_Work request_
Go through the entries below and count the lines where the word "фото" appears; give only the count.

*** Opening of Data supplied ***

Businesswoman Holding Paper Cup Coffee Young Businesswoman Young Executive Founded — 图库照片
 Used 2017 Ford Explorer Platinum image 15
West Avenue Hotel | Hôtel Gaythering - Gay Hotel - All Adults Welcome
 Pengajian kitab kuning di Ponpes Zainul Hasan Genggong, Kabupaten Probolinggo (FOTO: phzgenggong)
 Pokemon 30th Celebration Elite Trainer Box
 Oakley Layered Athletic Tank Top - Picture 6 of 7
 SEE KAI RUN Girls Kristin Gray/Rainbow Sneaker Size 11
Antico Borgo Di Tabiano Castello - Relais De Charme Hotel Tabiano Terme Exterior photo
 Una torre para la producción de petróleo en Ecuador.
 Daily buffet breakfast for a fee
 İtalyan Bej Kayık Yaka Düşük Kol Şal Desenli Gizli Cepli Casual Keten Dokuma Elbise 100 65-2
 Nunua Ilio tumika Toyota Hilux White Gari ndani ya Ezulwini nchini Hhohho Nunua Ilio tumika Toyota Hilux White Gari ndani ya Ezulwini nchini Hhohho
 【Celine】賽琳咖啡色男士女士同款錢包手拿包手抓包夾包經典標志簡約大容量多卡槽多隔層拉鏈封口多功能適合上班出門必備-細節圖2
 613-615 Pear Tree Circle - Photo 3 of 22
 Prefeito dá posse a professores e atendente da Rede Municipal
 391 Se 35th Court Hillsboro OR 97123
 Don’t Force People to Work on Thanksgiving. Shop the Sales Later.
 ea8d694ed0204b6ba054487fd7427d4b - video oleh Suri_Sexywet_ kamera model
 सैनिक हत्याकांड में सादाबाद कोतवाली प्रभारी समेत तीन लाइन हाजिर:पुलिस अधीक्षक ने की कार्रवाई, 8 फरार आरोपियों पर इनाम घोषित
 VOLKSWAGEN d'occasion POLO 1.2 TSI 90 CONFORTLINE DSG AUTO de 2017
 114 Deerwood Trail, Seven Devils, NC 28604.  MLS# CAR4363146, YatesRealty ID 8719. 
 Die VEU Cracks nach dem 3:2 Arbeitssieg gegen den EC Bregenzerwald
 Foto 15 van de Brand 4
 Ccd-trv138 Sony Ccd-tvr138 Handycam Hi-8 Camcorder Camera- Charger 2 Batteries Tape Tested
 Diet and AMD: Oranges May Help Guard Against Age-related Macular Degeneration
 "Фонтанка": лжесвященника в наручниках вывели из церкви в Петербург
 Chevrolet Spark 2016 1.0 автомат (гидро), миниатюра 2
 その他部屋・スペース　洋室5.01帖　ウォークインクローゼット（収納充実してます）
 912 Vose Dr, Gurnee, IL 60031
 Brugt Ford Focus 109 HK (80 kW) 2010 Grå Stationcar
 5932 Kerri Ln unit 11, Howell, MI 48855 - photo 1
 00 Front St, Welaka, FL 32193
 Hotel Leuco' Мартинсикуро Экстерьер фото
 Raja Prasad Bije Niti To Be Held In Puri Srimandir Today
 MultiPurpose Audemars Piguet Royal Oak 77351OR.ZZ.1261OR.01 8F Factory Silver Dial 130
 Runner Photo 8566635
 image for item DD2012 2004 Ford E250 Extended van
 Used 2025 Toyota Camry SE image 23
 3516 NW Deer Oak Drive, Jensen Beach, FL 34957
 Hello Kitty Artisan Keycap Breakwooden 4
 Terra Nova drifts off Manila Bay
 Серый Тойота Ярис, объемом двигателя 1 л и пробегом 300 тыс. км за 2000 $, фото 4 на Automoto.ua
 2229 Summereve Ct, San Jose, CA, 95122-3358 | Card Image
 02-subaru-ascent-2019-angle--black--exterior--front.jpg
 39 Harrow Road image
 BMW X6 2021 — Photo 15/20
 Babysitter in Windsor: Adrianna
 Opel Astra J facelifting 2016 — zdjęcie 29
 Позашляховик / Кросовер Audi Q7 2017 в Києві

*** Close of Data supplied ***

_Problem solution_
2